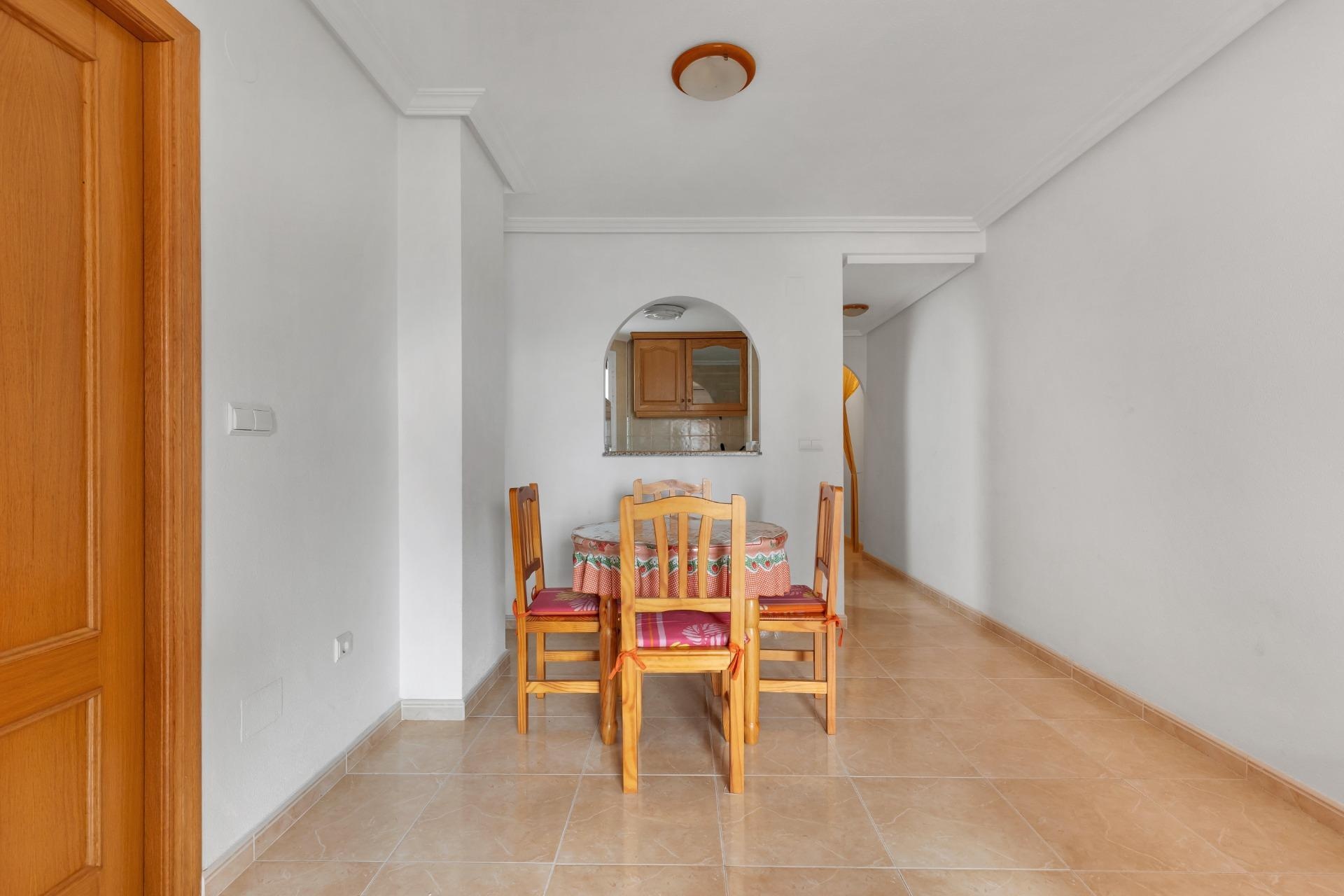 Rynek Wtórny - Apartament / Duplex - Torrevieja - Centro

==

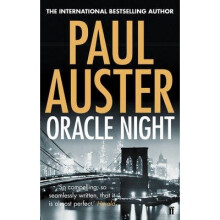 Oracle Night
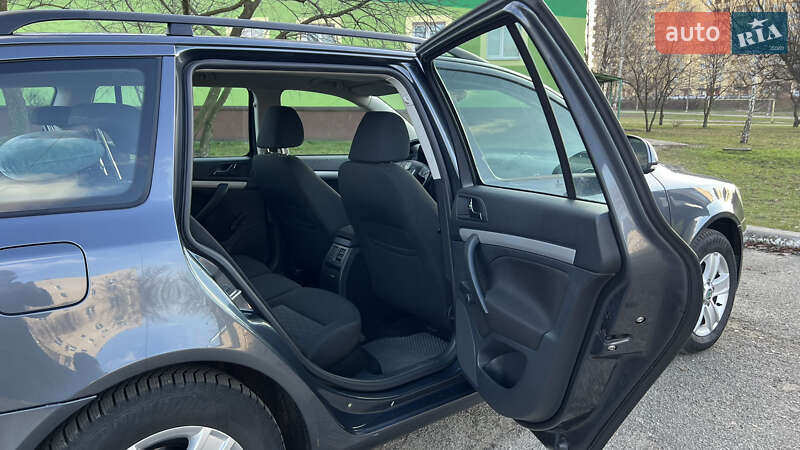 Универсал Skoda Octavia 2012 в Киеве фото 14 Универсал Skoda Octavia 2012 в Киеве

# [Task directions]
Although the records above contain pictures, the copy should not; retype exactly the lines from the one containing "Oracle Night" through the one containing "Универсал Skoda Octavia 2012 в Киеве фото".

# [Written response]
 Oracle Night
 Универсал Skoda Octavia 2012 в Киеве фото 14 Универсал Skoda Octavia 2012 в Киеве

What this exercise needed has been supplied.